I will present my subjective point of view on this. To me, there are two kinds of the sanctions mechanisms that we can use, two international sanctions mechanisms. The first one is related to the Security Council, and the second is about the Budapest Memorandum. A few words regarding the Security Council. The interesting thing is that the Council can be used as a sanctions mechanism, especially in the light of the Chapter 7, Article 41 and 42. The only problem with the Security Council is that the aggressor considers itself to be a permanent member-state of the Security Council. However in reality (i.e. from a strictly legal point of view) Russia is not a member state of the UN at all.

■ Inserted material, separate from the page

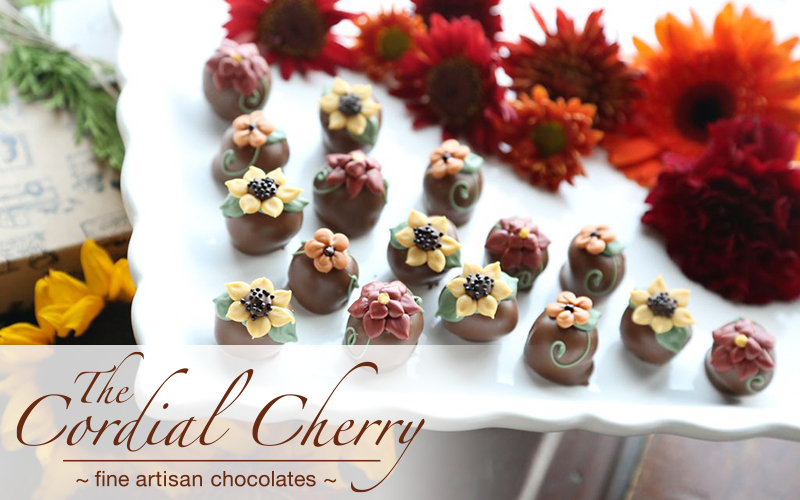 The Cordial Cherry - Get $10.00 of Designer Chocolate Truffles or Cordial Cherries at The Cordial Cherry for only $5.00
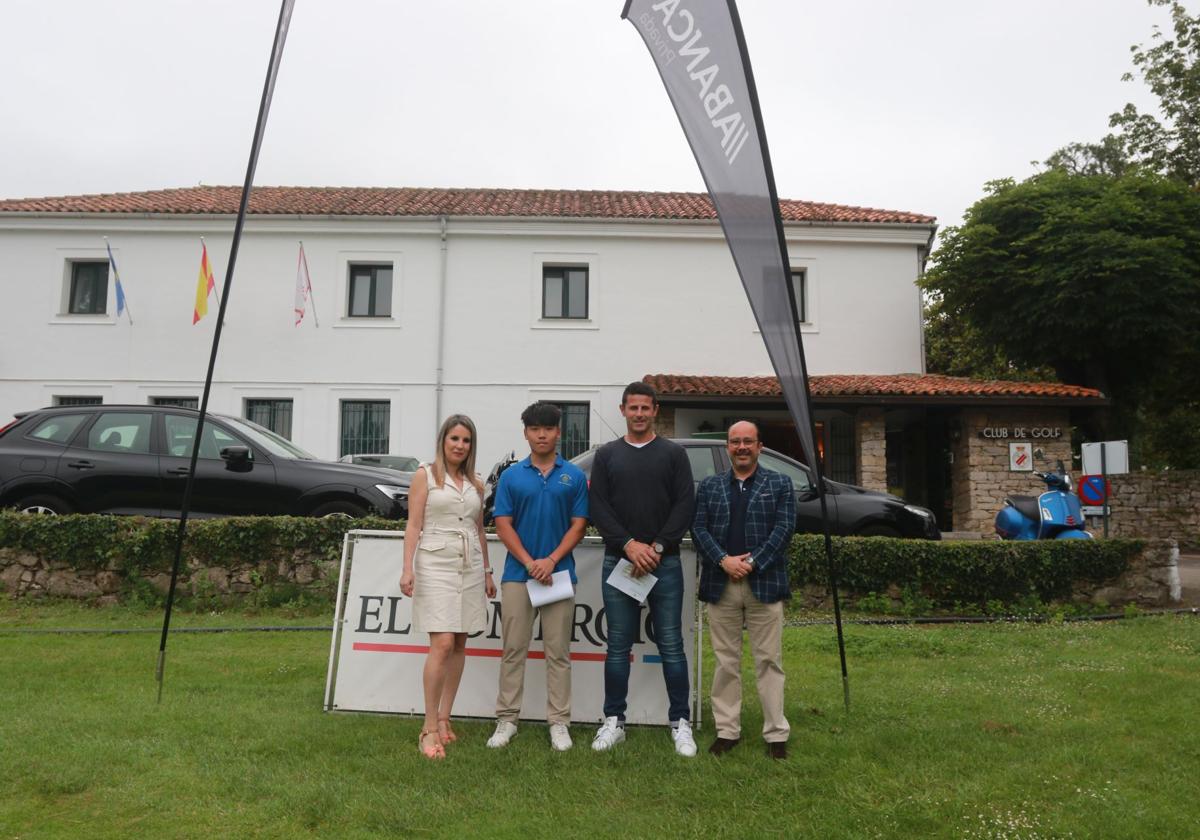Trofeo de golf EL COMERCIO. Club de golf Castiello (Gijón)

I have published in 2014 an article and I did my research regarding this issue in which I came to conclusion that legally, from a strictly legal point of view, Russia is not a member of the UN, because Russia is using the concept of the state-continuator of the USSR. And to me as a lawyer it runs against international law, it’s a violation of the UN Charter, and it also runs against common sense and logic, because the USSR and Russia have always been two different subjects of international law and two different states. And regrettably, there was only one person who noticed this; there was only one article published in the 1993 by a specialist from Israel on international law. He noticed this sort of paradox and violation.
There is an interesting example in the UN practice - a case of Serbia, because Serbia didn’t join automatically the UN. The Russia also should have performed all this procedures, like Serbia, to become a member-state. And to tell you the truth I don’t quite understand why Ukraine is not eager and so reluctant to raise this issue. Because you know that the Russian specialists on law like to talk about legitimacy. However, but they don’t have legitimacy in terms of membership in the UN. And I think that we should talk about this openly. What I would recommend here to do? It’s not about expulsion. It’s not about change the UN Charter. It’s about non-recognition of Russia as a member of the UN. And I think that our diplomacy should talk about this openly. So, in other words, if we manage in this way to deprive, so to speak, Russia of its veto power, we can use as a sanction mechanism the Security Council.
Another interesting point to which I would like to draw attention, it’s also related to the Security Council. You know that Russia and Russian President like to talk about Minsk agreements, and they need to perform Minsk agreements because to Russians Minsk agreement, according to Russia, is legally binding. They make reference to the Security Council Resolution, in which Minsk Agreements are mentioned. But the interesting thing here is when you start reading this text carefully; you notice that one of the key requirements is that the foreign troops should be withdrawn from the territory of Ukraine. And when we are talking about the territory of Ukraine, we mean the whole territory of Ukraine, within internationally recognized borders, including Crimea. So, if we are treating this document from the legal point of view, when we interpret it literally, Russia should withdraw its troops from Crimea under the Minsk Agreements, which it considers to be legally binding on the basis of the Security Council Resolution. This is legal logic.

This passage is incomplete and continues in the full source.